Overall accuracy: 72.7%

3.3 Clothes similarity measurement

In order to weigh the degree to which each clothes factor is salient in human perception, we turned to our user study data. Each respondent rated the similarity on 40 pairs of men’s shirts and 20 pairs of women’s shirts. We coded each shirt along each of the six factors. For each pair of shirts, we calculated a difference score for each factor. A 0 was given for each matched factor and a 1 for a mismatch. For the color, we compute a score between 0 and 1 depending on the normalized distance between the two color histograms. Thus, for each person’s similarity rating, we had six factor similarity scores.

We conducted a linear regression using the factor similarity scores to predict the similarity rating scores in order to determine the relative importance of each factor. The regression model generated the weights for each factor that would approximate human perception of shirt similarity. The coefficients provided the weights for each factor that we can use to generate similarity scores. For example, the regression equation for similarity ratings of men’s shirts is: similarity rating = 3.247 + (−0.63 × sleeve) + (−0.19 × pattern) + (2.40 × color) + (−0.88 × collar) + (−0.80 × placket) + (−0.06 × emblem).

To understand how well the features generated from our computer vision engine captured the variance in human ratings of shirt similarity, we conducted a linear regression using the image features to predict the similarity rating. The regression results show that in the case of men’s shirts, the predicted similarity score (using the features detected from the vision algorithms) correlates with the actual ratings at 0.52.

3.4 Motion tracking and pose matching

Human body orientation detection has been extensively studied for human pose estimation. The Responsive Mirror system uses visual analysis from a ceiling mounted camera to detect body orientation and to track the orientation efficiently. A typical person, when viewed from overhead, is an ellipsoidal shape. The longer axis is the shoulder, and the shorter axis is the person’s body orientation (Fig. 9). The curve in the figure is the detected body contour, which is then approximated by a best-fitting ellipse as shown in the figure. The detected body orientation is marked with a line.
https://static-content.springer.com/image/art%3A10.1007%2Fs00530-010-0192-y/MediaObjects/530_2010_192_Fig9_HTML.jpg
Fig. 9

Detecting body orientation from overhead camera view: a people standing straight with arms down, b people extending arms sideways

One problem with simple ellipse-fitting is that people’s pose may affect body shape. To handle the variation of poses, we first decide whether the overall detected contour is roughly convex. This is a good indicator of whether the arms are well-aligned with the body. If the person is extending arms sideways, the body contour is close to convex. In contrast, if a person is extending arms to the front, the body contour is a U-shape, which is concave. In this case, the pixels corresponding to the arms should not be considered. We used a morphological opening operator to eliminate arms from the foreground body pixels. With this operation, our detection scheme could successfully detect body orientation.

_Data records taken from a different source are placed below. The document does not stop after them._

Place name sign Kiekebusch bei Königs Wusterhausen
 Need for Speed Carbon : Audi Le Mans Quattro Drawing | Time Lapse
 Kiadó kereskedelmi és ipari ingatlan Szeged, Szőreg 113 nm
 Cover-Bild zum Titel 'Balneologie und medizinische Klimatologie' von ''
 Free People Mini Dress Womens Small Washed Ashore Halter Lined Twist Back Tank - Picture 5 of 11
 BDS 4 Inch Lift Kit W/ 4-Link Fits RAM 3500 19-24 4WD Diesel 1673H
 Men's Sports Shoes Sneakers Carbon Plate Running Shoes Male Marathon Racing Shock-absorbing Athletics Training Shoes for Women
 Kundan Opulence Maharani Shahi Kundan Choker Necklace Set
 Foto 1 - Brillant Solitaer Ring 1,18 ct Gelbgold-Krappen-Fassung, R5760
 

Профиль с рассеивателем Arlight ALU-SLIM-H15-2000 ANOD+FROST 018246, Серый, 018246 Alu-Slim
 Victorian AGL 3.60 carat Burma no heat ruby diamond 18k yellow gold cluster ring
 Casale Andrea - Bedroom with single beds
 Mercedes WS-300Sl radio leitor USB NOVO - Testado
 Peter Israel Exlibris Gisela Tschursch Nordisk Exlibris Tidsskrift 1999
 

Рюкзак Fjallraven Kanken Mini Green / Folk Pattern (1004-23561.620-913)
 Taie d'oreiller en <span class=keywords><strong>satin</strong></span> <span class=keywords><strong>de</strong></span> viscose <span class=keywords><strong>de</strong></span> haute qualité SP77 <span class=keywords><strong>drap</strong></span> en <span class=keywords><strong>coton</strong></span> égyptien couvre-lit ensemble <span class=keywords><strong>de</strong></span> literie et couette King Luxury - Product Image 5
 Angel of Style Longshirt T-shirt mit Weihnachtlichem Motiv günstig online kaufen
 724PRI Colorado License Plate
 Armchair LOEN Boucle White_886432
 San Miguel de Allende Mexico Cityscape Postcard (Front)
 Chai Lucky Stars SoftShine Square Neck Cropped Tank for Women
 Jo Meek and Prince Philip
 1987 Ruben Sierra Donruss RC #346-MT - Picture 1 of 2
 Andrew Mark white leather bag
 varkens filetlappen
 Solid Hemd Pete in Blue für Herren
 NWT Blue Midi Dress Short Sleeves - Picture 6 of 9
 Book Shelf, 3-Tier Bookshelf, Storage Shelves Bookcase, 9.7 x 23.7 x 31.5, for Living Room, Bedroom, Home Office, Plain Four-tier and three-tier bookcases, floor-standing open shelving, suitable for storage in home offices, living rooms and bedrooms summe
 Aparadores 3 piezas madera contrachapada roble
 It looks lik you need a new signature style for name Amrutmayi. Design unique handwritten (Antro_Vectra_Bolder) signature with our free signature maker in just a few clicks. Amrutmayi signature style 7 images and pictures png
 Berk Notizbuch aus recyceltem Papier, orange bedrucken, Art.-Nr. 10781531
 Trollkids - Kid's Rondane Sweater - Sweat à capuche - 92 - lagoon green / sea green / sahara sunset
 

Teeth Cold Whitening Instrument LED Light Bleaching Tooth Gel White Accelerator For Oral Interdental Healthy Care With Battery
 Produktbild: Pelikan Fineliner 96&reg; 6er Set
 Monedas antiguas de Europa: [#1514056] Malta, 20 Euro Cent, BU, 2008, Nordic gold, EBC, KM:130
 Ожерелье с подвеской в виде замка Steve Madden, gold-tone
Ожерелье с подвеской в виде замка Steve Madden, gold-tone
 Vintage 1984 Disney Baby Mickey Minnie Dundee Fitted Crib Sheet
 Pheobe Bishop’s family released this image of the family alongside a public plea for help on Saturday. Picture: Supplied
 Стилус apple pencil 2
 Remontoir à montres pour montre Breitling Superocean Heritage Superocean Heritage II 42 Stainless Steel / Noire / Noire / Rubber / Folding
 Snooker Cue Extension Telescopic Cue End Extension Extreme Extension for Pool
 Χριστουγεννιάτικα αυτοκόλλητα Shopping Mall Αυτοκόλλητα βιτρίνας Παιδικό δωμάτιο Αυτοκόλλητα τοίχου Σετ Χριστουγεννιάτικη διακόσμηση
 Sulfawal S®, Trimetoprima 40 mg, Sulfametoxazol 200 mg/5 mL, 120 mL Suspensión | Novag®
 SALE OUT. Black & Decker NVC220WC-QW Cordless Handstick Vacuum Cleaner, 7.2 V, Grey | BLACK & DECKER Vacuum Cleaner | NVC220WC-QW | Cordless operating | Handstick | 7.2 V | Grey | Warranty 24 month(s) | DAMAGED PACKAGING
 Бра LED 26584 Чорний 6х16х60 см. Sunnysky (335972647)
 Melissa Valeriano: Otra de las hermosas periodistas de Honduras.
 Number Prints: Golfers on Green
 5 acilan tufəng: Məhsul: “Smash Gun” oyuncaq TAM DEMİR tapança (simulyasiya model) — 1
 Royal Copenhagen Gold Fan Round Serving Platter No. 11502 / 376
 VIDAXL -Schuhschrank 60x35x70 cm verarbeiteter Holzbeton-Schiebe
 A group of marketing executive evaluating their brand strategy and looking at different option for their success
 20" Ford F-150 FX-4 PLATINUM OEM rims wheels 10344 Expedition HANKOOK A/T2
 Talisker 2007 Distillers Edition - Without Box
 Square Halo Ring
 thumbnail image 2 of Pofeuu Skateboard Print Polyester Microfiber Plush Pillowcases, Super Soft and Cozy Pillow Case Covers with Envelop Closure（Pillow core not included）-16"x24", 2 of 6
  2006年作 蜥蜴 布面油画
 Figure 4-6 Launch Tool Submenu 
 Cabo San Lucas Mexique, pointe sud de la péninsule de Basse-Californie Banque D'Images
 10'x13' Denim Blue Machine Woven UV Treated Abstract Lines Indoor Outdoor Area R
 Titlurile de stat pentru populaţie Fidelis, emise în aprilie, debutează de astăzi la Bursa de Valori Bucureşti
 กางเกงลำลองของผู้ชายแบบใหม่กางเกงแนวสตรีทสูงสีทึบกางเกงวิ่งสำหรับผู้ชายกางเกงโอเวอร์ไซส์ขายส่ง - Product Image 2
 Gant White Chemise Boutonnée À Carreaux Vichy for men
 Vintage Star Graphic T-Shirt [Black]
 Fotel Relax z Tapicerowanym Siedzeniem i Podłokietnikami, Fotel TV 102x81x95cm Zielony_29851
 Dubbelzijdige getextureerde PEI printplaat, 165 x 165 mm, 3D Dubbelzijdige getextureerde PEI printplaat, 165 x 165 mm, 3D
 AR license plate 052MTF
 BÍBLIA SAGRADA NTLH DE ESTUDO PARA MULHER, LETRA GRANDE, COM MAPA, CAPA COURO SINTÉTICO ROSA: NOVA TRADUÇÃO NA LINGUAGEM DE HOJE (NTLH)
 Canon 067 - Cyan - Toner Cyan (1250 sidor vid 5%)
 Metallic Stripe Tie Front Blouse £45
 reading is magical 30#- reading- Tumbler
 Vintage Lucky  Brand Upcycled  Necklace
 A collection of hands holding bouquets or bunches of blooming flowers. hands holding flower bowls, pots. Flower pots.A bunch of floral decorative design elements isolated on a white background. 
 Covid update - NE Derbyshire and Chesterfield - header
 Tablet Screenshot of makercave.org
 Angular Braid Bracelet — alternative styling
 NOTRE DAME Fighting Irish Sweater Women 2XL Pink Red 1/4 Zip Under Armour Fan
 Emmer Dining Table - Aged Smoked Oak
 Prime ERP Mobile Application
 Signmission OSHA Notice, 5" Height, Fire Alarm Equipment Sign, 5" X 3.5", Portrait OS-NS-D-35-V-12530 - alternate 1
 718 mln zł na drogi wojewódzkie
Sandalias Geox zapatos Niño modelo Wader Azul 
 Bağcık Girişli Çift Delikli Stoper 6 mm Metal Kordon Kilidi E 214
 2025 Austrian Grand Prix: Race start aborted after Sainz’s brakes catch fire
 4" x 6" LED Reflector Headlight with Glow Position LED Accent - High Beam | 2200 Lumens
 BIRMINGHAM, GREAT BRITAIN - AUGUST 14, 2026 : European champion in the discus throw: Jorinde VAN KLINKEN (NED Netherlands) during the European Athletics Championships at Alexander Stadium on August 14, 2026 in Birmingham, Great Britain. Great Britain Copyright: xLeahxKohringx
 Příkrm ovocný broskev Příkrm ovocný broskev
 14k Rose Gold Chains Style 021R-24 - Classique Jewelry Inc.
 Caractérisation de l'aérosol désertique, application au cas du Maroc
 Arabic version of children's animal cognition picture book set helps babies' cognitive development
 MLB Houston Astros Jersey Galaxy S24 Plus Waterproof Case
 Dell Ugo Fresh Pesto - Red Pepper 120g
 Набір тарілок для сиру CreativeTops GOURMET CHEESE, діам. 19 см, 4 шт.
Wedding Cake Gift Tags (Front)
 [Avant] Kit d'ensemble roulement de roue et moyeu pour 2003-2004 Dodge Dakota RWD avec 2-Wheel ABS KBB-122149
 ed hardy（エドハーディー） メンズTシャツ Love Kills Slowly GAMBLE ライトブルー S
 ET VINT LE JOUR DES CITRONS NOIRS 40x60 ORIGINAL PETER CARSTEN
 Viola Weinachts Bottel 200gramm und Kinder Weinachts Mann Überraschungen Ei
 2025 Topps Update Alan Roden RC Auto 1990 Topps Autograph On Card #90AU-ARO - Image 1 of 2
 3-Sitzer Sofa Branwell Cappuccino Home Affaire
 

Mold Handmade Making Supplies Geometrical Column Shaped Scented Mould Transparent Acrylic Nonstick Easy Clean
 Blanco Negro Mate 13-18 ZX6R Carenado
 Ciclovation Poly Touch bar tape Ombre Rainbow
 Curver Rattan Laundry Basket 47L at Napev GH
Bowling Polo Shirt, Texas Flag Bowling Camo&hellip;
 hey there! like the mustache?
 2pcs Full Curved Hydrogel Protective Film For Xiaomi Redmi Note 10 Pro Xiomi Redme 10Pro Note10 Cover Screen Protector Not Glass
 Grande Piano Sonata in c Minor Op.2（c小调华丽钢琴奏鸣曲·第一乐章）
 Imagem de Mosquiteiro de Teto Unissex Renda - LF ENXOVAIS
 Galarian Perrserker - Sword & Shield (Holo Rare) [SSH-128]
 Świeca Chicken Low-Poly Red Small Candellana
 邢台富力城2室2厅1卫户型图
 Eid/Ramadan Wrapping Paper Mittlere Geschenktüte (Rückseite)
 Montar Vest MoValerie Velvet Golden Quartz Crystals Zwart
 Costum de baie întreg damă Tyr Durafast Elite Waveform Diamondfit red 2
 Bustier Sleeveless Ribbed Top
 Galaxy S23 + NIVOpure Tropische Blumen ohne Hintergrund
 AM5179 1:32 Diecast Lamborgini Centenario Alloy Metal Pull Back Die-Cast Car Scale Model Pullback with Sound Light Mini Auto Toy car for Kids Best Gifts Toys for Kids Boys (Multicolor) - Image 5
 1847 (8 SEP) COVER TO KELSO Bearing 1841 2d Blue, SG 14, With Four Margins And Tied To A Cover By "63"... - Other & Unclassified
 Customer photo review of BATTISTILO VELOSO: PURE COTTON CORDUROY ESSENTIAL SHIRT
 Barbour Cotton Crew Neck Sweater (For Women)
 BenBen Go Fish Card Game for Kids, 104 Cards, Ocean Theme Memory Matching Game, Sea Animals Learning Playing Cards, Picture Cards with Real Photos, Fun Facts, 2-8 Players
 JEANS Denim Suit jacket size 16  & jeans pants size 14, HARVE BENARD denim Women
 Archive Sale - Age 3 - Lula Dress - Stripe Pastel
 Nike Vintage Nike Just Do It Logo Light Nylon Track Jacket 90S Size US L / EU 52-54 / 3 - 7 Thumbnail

Another problem is the occasional incorrect detections. For example, when a person folds her arms in the front, the body shape is more circular. The orientation detection in this case is less reliable. This problem can be resolved by leveraging historical information assuming that people change orientation smoothly, and that incorrect detections occur only intermittently. Under these assumptions, we employed tracking, using a particle filter [18], incorporating history to stabilize orientation detection. This also helped to eliminate flip ambiguity, provided that the person does not turn too quickly.

Pose matching is employed in both Responsive Mirror and Countertop Responsive Mirror systems. The main challenge of pose matching is defining a parameter space for pose. However, for the specific purpose of self comparison of different clothing in the Responsive Mirror, we are able to get away with extracting simple image features and perform pose matching from these features. Examples of pose matching in Responsive Mirror are shown in Fig. 10. The details of our pose matching algorithm will be presented in following section.
https://static-content.springer.com/image/art%3A10.1007%2Fs00530-010-0192-y/MediaObjects/530_2010_192_Fig10_HTML.jpg
Fig. 10

Examples of pose matching in Responsive Mirror

4 Countertop Responsive Mirror system

As an illustration of systems in the category of asynchronous reflections, we describe here the design of the Countertop Responsive Mirror system—a shopping support system to enhance the conventional mirrors typically found in stores that sell head- or neck-worn accessories such as jewelry, eyeglasses or hats. In accessory shopping, mirrors are usually smaller than the full-sized ones found in clothing fitting rooms, and some are portable, which is an important feature of the mirrors in jewelry stores. Unlike the Responsive Mirror described in the previous section which supports quasi-synchronous reflection, asynchronous reflection capabilities are more suitable for accessory shopping for several, independent reasons. First, for shoppers trying on eyeglasses, quasi-synchronous reflections of past recordings like in the clothing Responsive Mirror is inadequate because they cannot view themselves adequately without the right prescription. Also, turning their heads severely limits the set of views that they can see themselves, so that asynchronous reflections makes sense for shoppers to view themselves without impaired vision. Second, we found in our observations of shoppers in jewelry stores [8] that the normative shopping practice of jewelry shoppers involved quick assessments using the mirror while browsing jewelry items. After the shopper is satisfied with having browsed items, she would go through a more detailed evaluation stage to make a decision to buy. Due to the high price of jewelry, the evaluation period often took longer than a single trip to the jewelry store and would often require approval from spouses and other family members. Thus, having the ability to evaluate and compare jewelry pieces for an extended period of time led to the design of an asynchronous reflection paradigm for jewelry shopping to enable shoppers to adequately evaluate their options. Furthermore, for high-priced items such as jewelry, we found that shoppers may have access to only a few jewelry items at a time due to security reasons. Thus, asynchronous reflections help storeowners maintain security of their inventory while enabling shoppers to make informed decisions.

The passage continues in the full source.